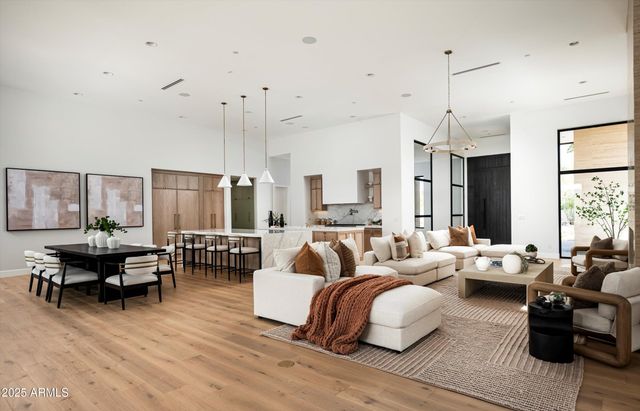 10220 N 66TH Street, Paradise Valley, AZ 85253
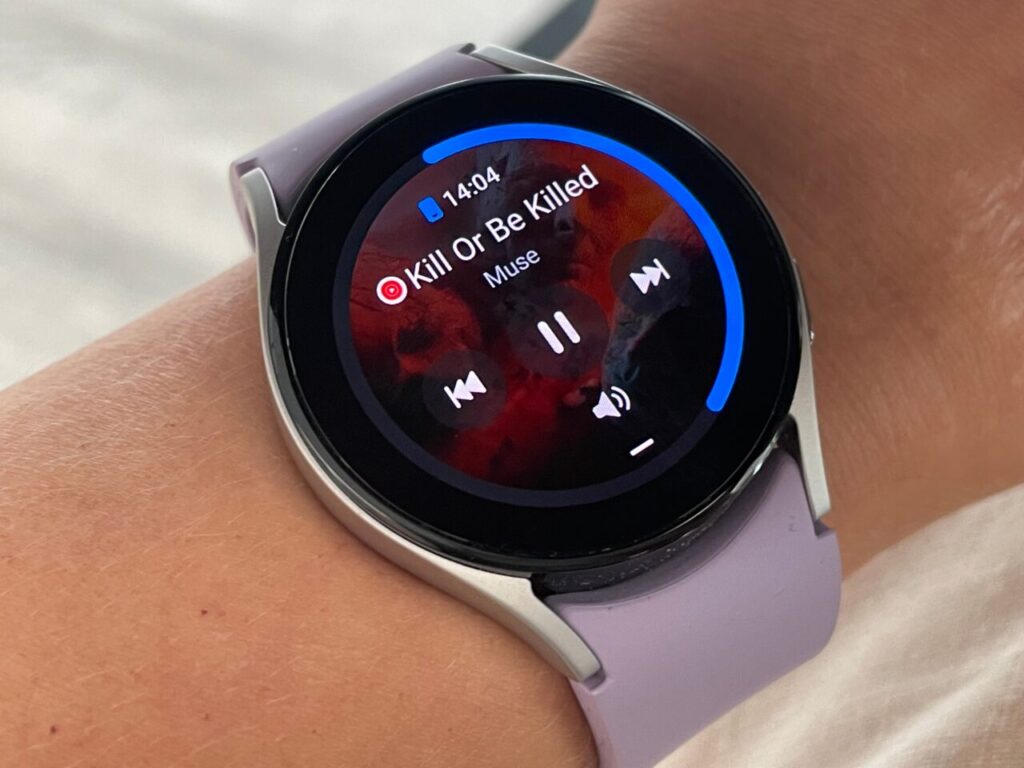 Playing music in Samsung Galaxy Watch5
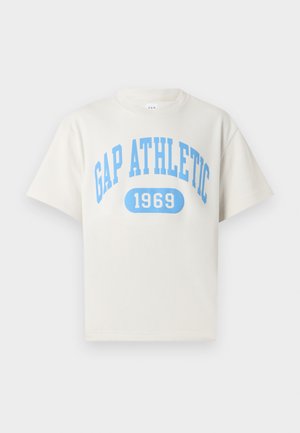 Λευκό κοντομάνικο T-shirt με μπλε τύπωμα "GAP ATHLETIC 1969" στο μπροστινό μέρος με έντονη, κολεγιακού στυλ γραμματοσειρά.
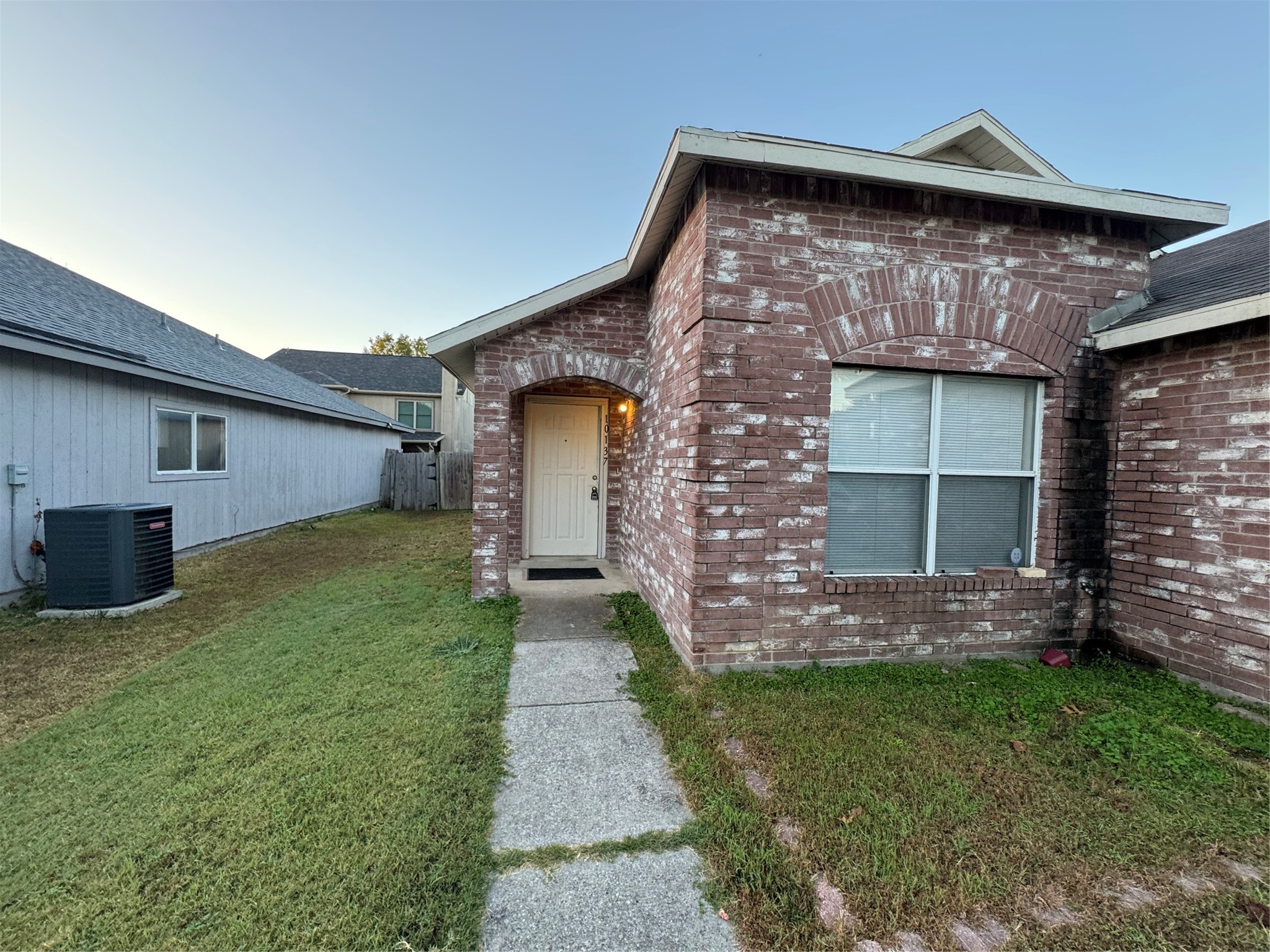 10137 Chapel Glen Fort Worth TX 76116
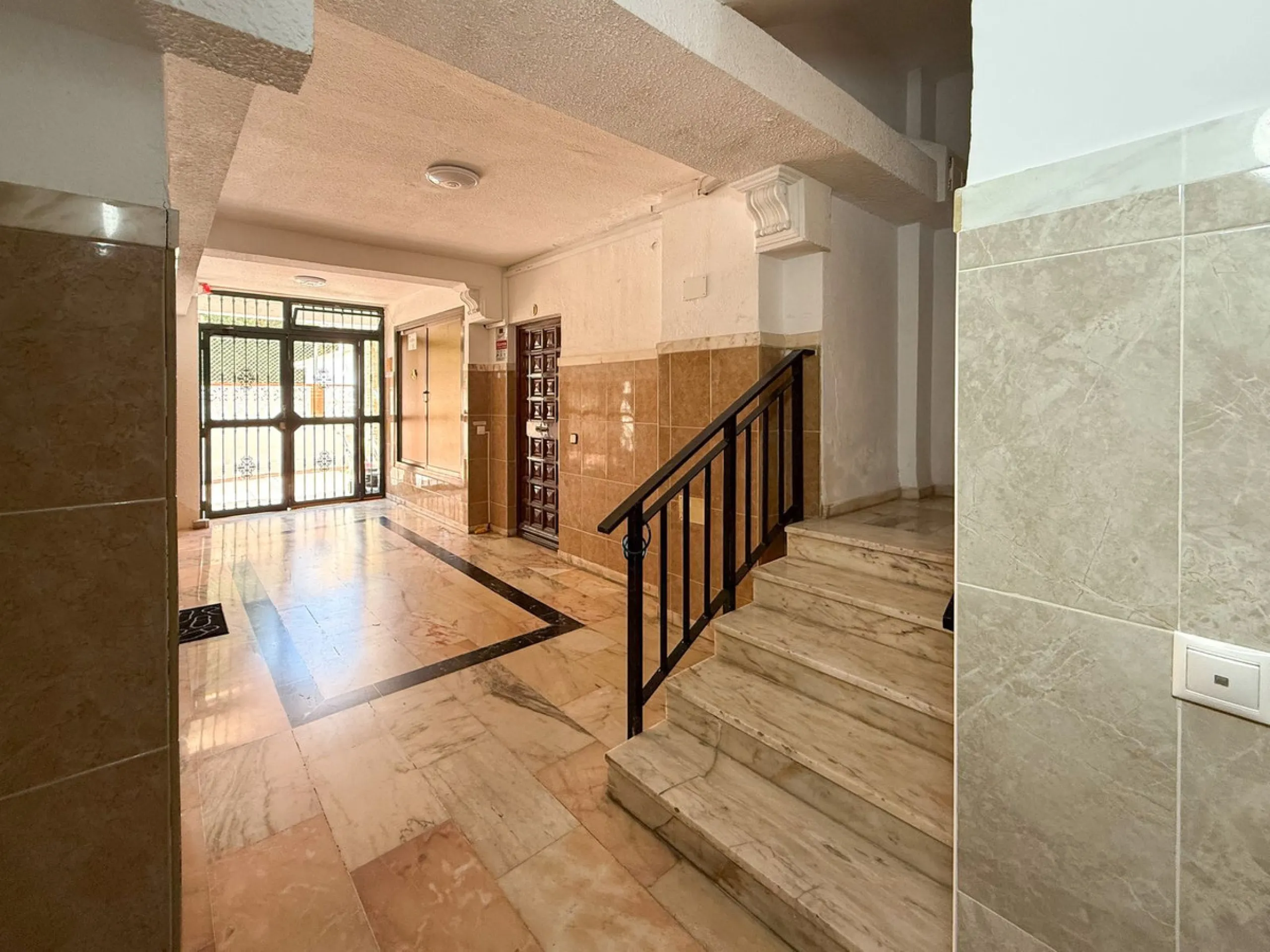 Fully Renovated Corner Apartment with Sea Views in the Heart of Arroyo de la Miel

----

AIM OF THE TASK
Only what runs from the line holding "10137 Chapel Glen Fort Worth TX 76116" through the end of the entries above is to be given again, exactly, with every picture omitted.

SOLUTION FOR THIS PROBLEM
 10137 Chapel Glen Fort Worth TX 76116
 Fully Renovated Corner Apartment with Sea Views in the Heart of Arroyo de la Miel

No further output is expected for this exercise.